Project management is a discipline that requires discipline. That second “discipline” means that additional efforts will be required to ensure that the culture, the processes and the project-specific endeavors are performed effectively and efficiently. The consultative role, which we suggest that you, the project manager, must assume, addresses the integration of the project management discipline into the way that you conduct project management in your current business environment.

In this role, you become a mentor and provide a “mentoring” service. It is your job to build in-house processes and expertise with all your project stakeholders. This ensures that you, your project and your organization will enjoy the greatest opportunity for success in your project and process management efforts. In your consultative role, you should take applicable approaches from the project management discipline and organizational sciences and apply proven techniques to improve project and team behaviors, processes and methodologies. In short, your consultative efforts should be structured to maximize the success of projects within your organization.

It is your job to consistently deliver measurable improvements while equipping your project stakeholders with the tools and techniques to achieve change and manage practical project management processes themselves. It is your mission to transfer expert knowledge and skills to members of the project community who are within your sphere of control.

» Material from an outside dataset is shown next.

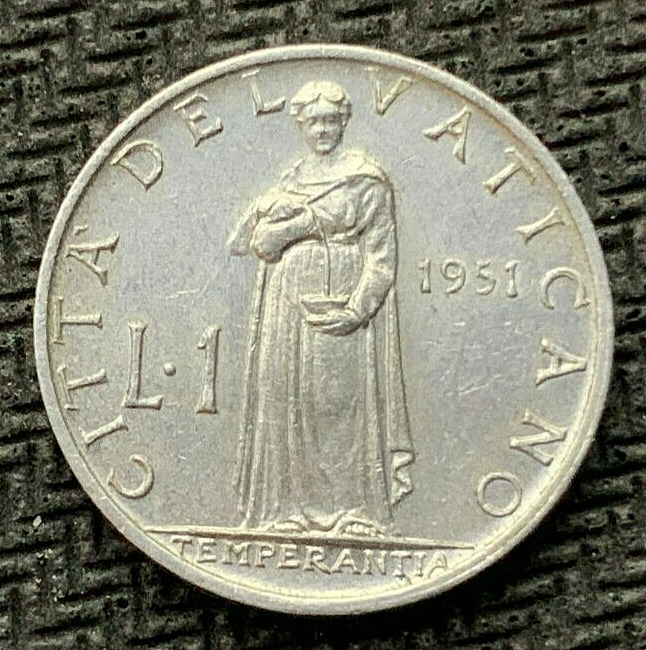 Read more about the article 1951 Vatican City 1 Lire Coin CH UNC   Crowned shield  ( 400K Minted )   #K1971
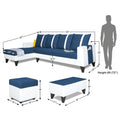 Adorn India Ashley Stripes Leatherette Fabric L Shape 8 Seater Sofa Set with 2 Ottoman Puffy & Center Table LHS (Blue & White) (3 Year Warranty)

Try to see yourself as an internal consultant, an expert in project management who brings problem solving and analytical skills to your client's environment. You offer comprehensive solutions which may be project process, or people-specific. You do this by mentoring, coaching and managing a crossfunctional team of people or by facilitating hands-on action planning, process and procedure development, intervention and audits on a project-specific basis.

First and foremost, your management wants implementation and tangible results. Rather than a project planner and status report producer, your management is looking for a person with consultative skills who can help integrate project management into the day-to-day fabric of the organization. Companies are looking for help in managing growth, change, and performance. This translates into the client's need for comprehensive implementation assistance.

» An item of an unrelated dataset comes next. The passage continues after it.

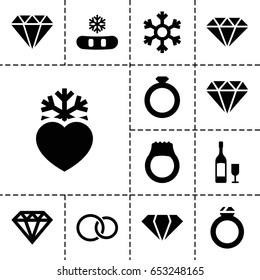 Crystal icon. set of 13 filled crystalicons such as gem, diamond, diamond, heart frozen, rings, wine glass and bottle, snowflake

It will be helpful for you to visualize the client needs that will benefit from the consultative efforts you provide. In your consultative role, deliverables, unlike products such as status reports, are, nonetheless, entities that can be described and evaluated. Figure 1 portrays those deliverables. As you can see, the upper portion of the sphere refers to project-specific efforts. The lower portion of the sphere addresses efforts that would effect the entire enterprise. These enterprise-wide efforts have been broken down into process-related and culture-related interventions.

Project-Specific. The tasks performed in your project-specific consultant's role are very similar to those you are currently performing, but with a different mindset. These tasks might consist of participation in monthly status meetings, facilitation of specific planning or procedural design efforts, or built-in coaching and monitoring. As an internal project management consultant, you review project plans, status reports, and other documents in order to provide process-related assistance. In addition, you work closely with the project team members, providing individualized reinforcement of sound project management principles and can “shadow” your team leads through project meetings.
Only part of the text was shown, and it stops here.